Asked what he would like playgoers to take away from “Malcolm and Teresa,” Gallagher, a longtime resident of San Jose, Calif., wrote, “I would hope they appreciate characters who stand for some principle or belief at great personal cost. Malcolm’s exposé of famine in (the) Ukraine (a ‘Malcolm and Teresa’ subplot) cost him dearly – ostracized by family, friends and some of the most prominent literary figures of the era.”
In seeking characters for his plays, Gallagher added, “I look for heroic figures – men and women who stand against the current of their time. Both Malcolm and Teresa fit this genre.” The former, in fact, has been quoted as expressing such independent behavior with the observation that “only dead fish swim with the stream.”
Personages in previous Gallagher plays have included St. Padre Pio, Mexican martyr Blessed Miguel Pro and communist-battling Hungarian Cardinal Jozsef Mindszenty.
A Catholic, Gallagher founded the Catholic Quo Vadis Theatre Company in the San Jose area in 1995 and, more recently, with his son Peter, the G.K. Chesterton Theatre Company in Los Angeles.
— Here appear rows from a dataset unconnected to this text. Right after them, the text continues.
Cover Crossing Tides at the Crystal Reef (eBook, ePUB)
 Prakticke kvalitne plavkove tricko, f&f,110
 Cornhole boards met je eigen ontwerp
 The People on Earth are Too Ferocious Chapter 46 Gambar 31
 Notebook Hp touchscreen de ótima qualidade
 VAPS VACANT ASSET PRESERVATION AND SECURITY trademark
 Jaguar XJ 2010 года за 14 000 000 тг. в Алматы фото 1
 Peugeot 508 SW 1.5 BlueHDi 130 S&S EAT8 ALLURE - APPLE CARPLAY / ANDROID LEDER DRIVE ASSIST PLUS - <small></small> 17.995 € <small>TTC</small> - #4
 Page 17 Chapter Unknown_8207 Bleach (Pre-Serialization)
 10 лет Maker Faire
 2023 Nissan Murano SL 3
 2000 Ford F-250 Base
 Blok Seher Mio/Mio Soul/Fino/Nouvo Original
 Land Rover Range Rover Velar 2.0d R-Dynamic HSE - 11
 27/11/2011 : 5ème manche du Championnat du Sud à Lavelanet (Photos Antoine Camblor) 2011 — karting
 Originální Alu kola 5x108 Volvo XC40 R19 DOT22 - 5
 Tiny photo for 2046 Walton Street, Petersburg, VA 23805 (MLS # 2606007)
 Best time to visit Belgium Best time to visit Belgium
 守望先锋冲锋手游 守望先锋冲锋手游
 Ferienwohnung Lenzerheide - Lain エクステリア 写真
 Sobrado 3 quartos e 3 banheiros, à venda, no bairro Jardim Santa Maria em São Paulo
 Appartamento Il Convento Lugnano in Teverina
In 2009, “Malcolm and Teresa” was the first production of the Chesterton Company, whose productions emphasize the faith/culture dichotomy.
“I look upon playwriting as an apostolate,” Gallagher said in his email. “A Hollywood insider made the statement, ‘The entertainment industry is shaping the worldview of our youth.’ This is a frightening statement and should be a wake-up call to all Christians, especially our bishops. The answer, however, is not to beg Hollywood for decent films. They won’t respond. The answer is for every city to have an Acacia Theatre or a G.K. Chesterton Theatre. But these theatres need support from the churches, particularly from pastors and people in the pews.”